In a year when many vendors tried to graft PDAs onto their cell phones, Samsung hit the jackpot with its pioneering SPH-i500 Palm-based CDMA phone. This sleek, silvery clamshell is the first PDA/phone we've seen that manages to keep a true cell-phone profile (previous attempts were too large) without sacrificing usability on the PDA side (helped considerably by the crispness of its inevitably smallish 65,000-plus-color screen). You have to live without a few extras such as a Secure Digital memory-card slot, but that's a small sacrifice to make if it gains you this otherwise fabulous balancing act.
Linksys WRT54G ($130)
Little by little, Wi-Fi (802.11) wireless networking is taking over the world. If you're ready to invest in a Wi-Fi router, we recommend an 802.11g model. This new standard is compatible with the pervasive 802.11b spec--but if you set up an all-11g network, you'll zip along about four times faster than 11b can sustain.Our pick, Linksys's WRT54G, packs 802.11g's speed into the company's signature blue-and-black case. The unit is easy to install and contains a solid firewall. Like all current 802.11g routers, the WRT54G used a preliminary version of the spec at press time.

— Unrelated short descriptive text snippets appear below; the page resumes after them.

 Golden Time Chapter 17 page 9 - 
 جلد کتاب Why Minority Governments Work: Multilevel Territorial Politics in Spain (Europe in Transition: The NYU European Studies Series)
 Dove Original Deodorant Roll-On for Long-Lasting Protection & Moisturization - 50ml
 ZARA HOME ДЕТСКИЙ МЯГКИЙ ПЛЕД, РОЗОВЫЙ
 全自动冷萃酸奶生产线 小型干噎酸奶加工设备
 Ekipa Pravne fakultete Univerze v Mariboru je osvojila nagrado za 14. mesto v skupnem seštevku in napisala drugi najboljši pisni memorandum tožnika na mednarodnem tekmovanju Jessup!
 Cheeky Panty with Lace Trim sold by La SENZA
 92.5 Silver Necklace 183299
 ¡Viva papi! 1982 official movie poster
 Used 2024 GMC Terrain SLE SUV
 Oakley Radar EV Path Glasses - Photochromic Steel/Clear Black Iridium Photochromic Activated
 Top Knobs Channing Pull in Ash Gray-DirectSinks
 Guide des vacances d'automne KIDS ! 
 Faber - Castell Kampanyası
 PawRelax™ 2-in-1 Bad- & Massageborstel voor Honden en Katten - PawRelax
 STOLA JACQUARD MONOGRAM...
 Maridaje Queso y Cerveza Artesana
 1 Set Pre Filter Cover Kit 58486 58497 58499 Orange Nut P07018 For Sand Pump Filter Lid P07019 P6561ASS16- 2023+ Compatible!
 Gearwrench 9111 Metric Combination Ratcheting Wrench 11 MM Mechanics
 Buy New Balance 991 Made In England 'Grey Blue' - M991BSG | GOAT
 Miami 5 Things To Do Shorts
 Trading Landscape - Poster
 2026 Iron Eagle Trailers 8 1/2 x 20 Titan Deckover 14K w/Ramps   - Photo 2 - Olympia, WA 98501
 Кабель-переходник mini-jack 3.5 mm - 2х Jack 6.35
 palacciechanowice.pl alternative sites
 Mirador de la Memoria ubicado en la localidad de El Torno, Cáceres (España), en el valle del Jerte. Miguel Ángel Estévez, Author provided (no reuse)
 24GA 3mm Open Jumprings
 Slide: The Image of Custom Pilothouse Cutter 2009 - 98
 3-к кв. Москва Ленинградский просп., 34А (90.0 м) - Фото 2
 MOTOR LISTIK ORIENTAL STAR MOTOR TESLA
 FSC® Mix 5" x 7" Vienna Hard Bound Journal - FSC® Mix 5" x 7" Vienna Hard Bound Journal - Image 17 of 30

The final standard should be approved by the time you read this, at which point a free download will bring the model up-to-date.
Mozilla 1.3 (free)
The browser wars may be over, but browser innovation isn't. For five years, the open-source community has hacked away on Mozilla, a free program that is now stable, speedy, standards-compliant, and full of useful features. Unlike Internet Explorer, Mozilla blocks pop-ups with a built-in tool, manages cookies and passwords site-by-site, and includes both an IRC chat client and a powerful mail reader with intelligent spam filtering. You can surf multiple sites in one tabbed browser window (as you can in Opera, another alternative Web browser we like).